Fall 2018 Seminar Series - 100118 Panagiotopoulos

 

THE CITY COLLEGE OF NEW YORK 

CHEMICAL ENGINEERING DEPARTMENT

PRESENTS

 

Professor Thanos Panagiotopoulos

Princeton University 

 

Monday, October 1, 2018

Seminar will be held in ST-160 (Lecture Hall) at 2:00 PM

Reception: 3:00 – 4:00 PM in Steinman Hall, Exhibit Room – 1stFloor

 

Activities, solubilities, and nucleation rates of aqueous electrolyte solutions 

 

 

Aqueous electrolyte solutions play an important role in chemical engineering separations, in geochemical environments and for biophysics. The mean ionic activity coefficients quantify the deviation of salt chemical potential from ideal solution behavior; experimental measurements are available over broad ranges of concentration and temperature, but there have been practically no prior simulation results of these quantities, because if sampling difficulties for explicit-solvent electrolyte solutions. We have developed a reliable approach for determination of activity coefficients of aqueous electrolytes. Common fixed-point-charge models for water and ions are unable to reproduce simultaneously activity coefficients and solubilities, especially at elevated temperatures. Polarizable models perform better, but still predict an incorrect temperature dependence of these properties.

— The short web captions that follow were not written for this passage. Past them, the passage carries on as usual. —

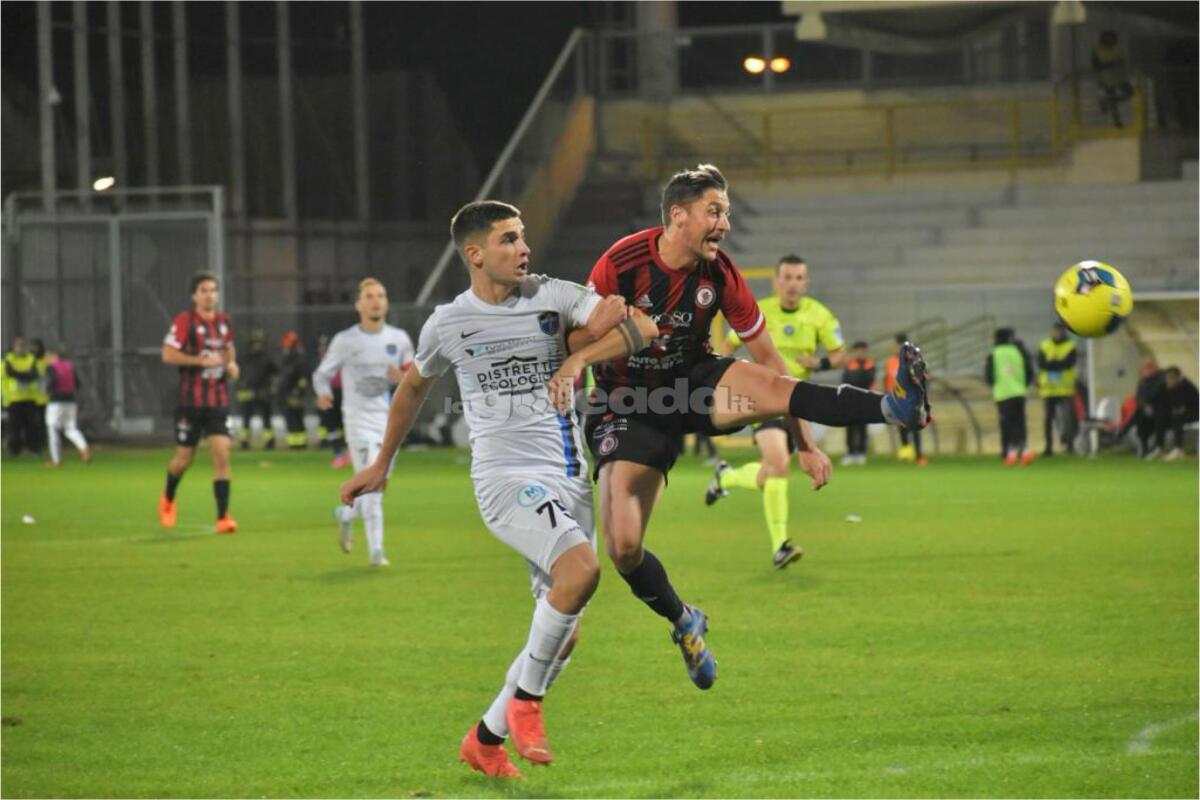 Foggia, tra 5 giorni c'è il Latina per blindare i playoff - Immagine in evidenza: uno scatto di Foggia-Latina (Serie C - girone C 2023/24) - crediti: foto di Luigia Spinelli (RIPRODUZIONE VIETATA)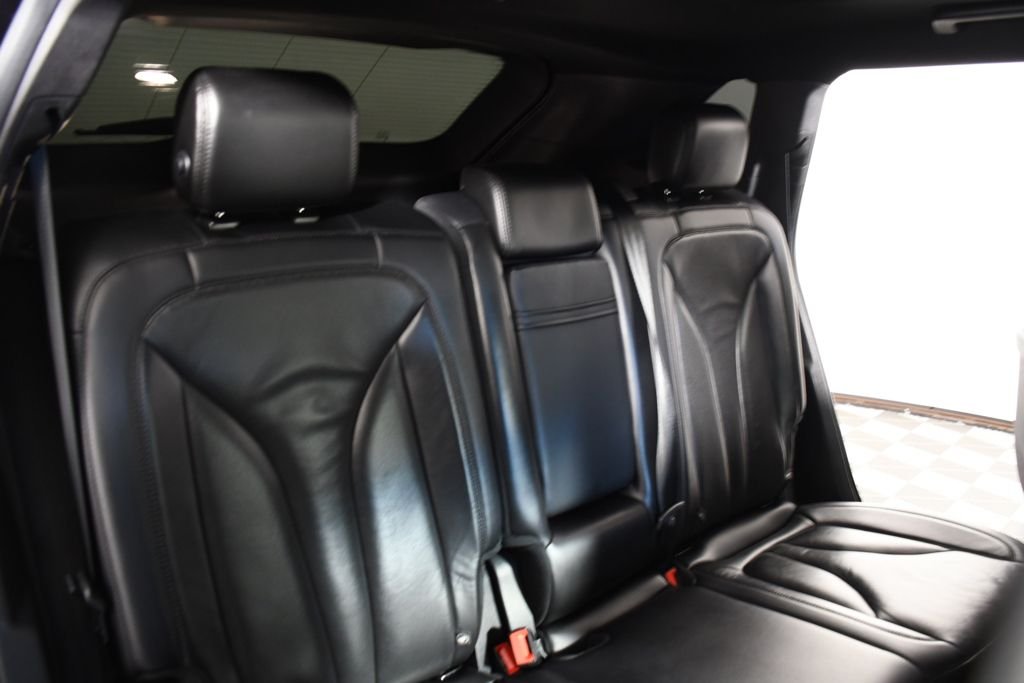 Used 2020 Infinite Black Lincoln Reserve image 23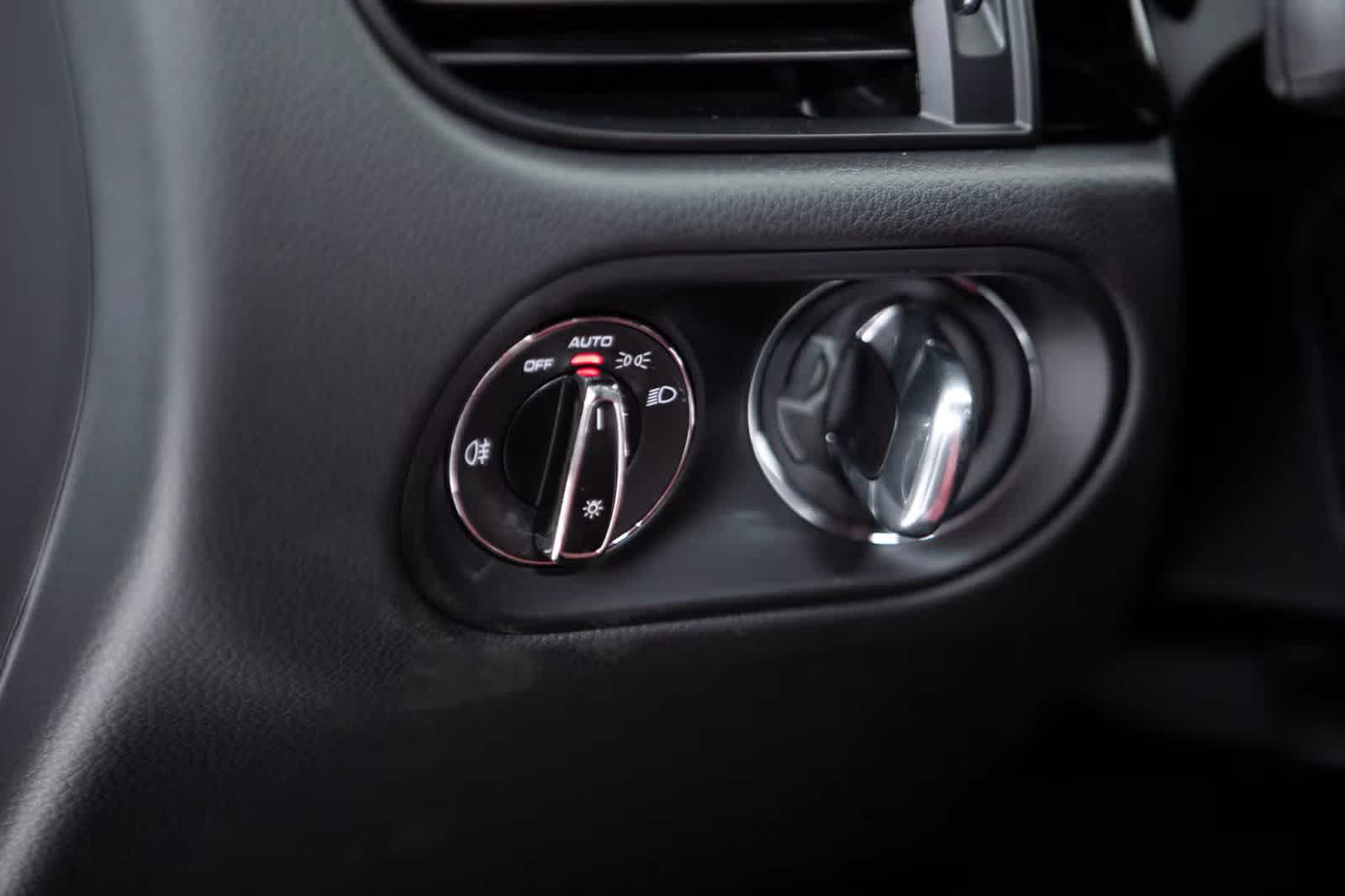 Thumbnail: 2026 Porsche Macan - 28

In addition, we have found significant finite-size effects on these properties that need to be corrected for to obtain accurate activity coefficients. We have used forward-flux-sampling and metadynamics methods to obtain insights on the nucleation rates and pathways for NaCl crystallization from supersaturated aqueous solutions and to compare different salt and water models with respect to their ability to describe experimental measurements.

 

Professor Thanos Panagiotopoulos received an undergraduate degree from the National Technical University of Athens and a PhD from MIT, both in Chemical Engineering. After a postdoctoral in Physical Chemistry at the University of Oxford, he has held faculty positions at Cornell and the University of Maryland; he is currently the Susan Dod Brown Professor and Department Chair of Chemical and Biological Engineering at Princeton University. He is a member of the U.S. National Academy of Engineering and the American Academy of Arts and Sciences. He is the author of more than 280 technical articles and of the undergraduate textbook “Essential Thermodynamics.”